The Brotherhood, Egypt”s strongest opposition group, says the state has systematically blocked its members from contesting the April 8 ballot. It cites a wave of arrests targeting likely candidates and obstruction by local authorities.
Ali, echoing similar complaints by other Egyptian Islamists, says police and pro-government thugs stopped him from submitting papers that would let him contest the race.
“They pushed me and cursed me… There were a lot of men. But the first one who hit me was an officer,” said Ali, a municipal employee in the Nile Delta town of Kafr Saqr. He spoke in a slow, trembling voice to avoid aggravating an injured lip.
“They have closed all the paths to nomination. We will try to find another way,” he told Reuters.
The Interior Ministry declined comment on the allegations.
Muslim Brotherhood officials have said that the movement planned to field about 7,000 candidates for the 52,600 seats at stake in the elections on village, town and provincial councils across the country. But nationwide, only 50 or 60 Brotherhood members had been able to register as candidates as of Monday, the Brotherhood said, clearing the way for the ruling party to take most seats.
“I came on Wednesday. I brought my papers. I found a large number of thugs,” said Islam Maher Akl, a potential candidate from Kafr Saqr, who is also the son of a Brotherhood parliamentarian.
“Between 10 to 15 people beat me, including an officer,” he added, showing off a bloodied lip.
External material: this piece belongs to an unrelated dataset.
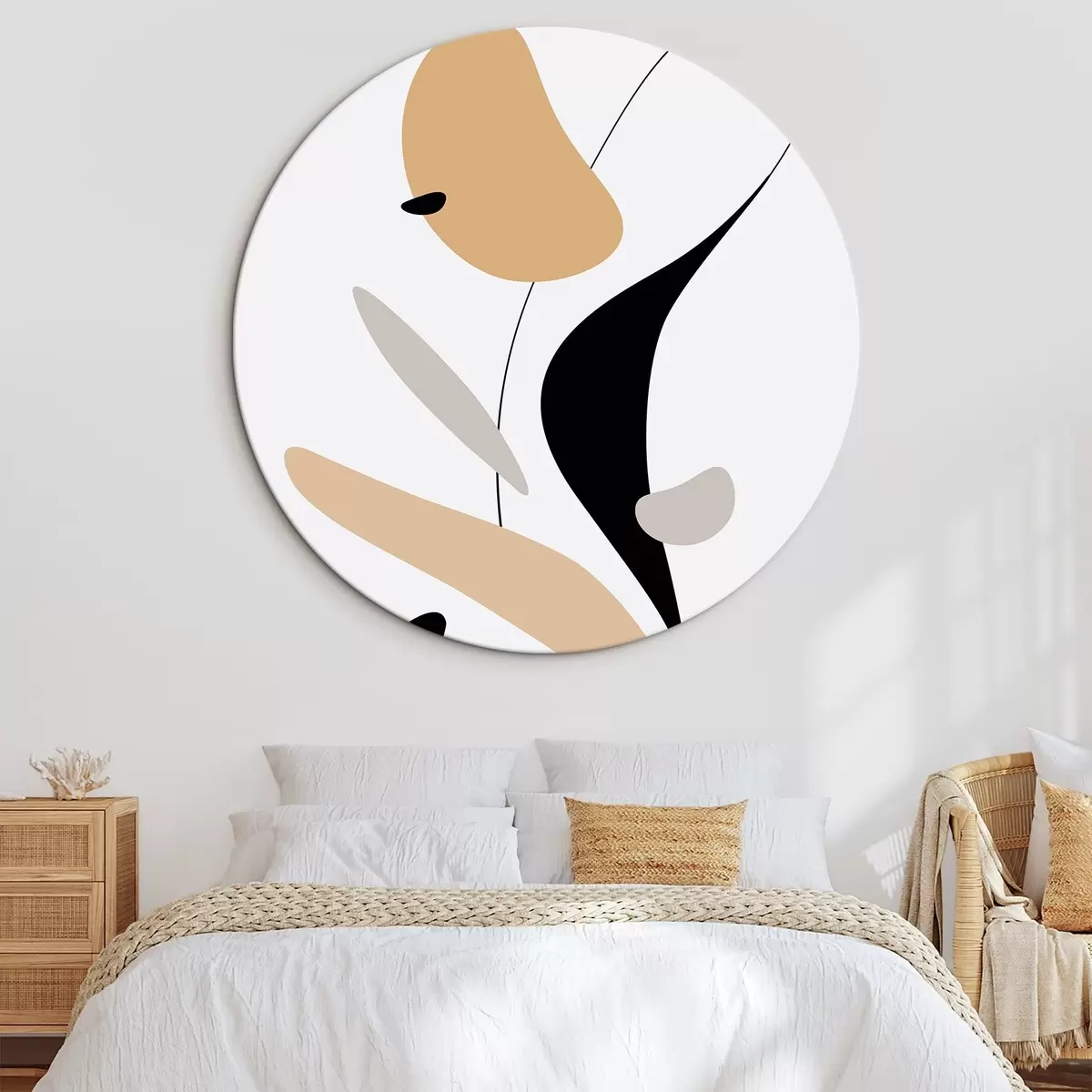 Runde Wandbilder Abstrakte Komposition mit Punkten und Linien r46350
Egypt”s local councils hold little real power, but seats may be important nationally if the Brotherhood wants to qualify to field an independent candidate for the presidency in the future.
Under a 2005 constitutional amendment, independent presidential candidates need support from 140 members of local councils in addition to backing from members of parliament.
NOT SLEEPING AT HOME
Nationally, in the run-up to the elections, police have detained more than 300 Brotherhood members who were planning to stand in the vote or were helping with campaigning. Most have not been formally charged.
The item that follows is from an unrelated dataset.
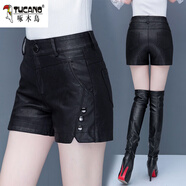 啄木鳥(niǎo)（TUCANO）皮短褲女秋冬季2025春秋新款高腰百搭時(shí)尚打底皮褲顯瘦靴褲子外穿 8061#黑色(單款) 30/2XL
The obstacles the Brotherhood has faced in entering the race were evident in Kafr Saqr, north of the Egyptian capital in the lush Nile Delta, where the group has a strong popular base.
Not a single Brotherhood member in Kafr Saqr has been able to register for the ballot, said Ahmed Abdel Maqsoud, a Brotherhood official there. He said six potential candidates have been arrested in the run-up to the vote.
“We are not sleeping in our houses,” said Hisham al-Ghatwari, a potential Brotherhood candidate from Kafr Saqr who said that dozens of security men had searched his house before dawn on Tuesday, but left after finding him not at home.
Abdel Maqsoud said government officials had refused to stamp as authentic the voter cards of potential Brotherhood candidates in Kafr Saqr, and that the results of fingerprint background checks required to enter the vote had been delayed.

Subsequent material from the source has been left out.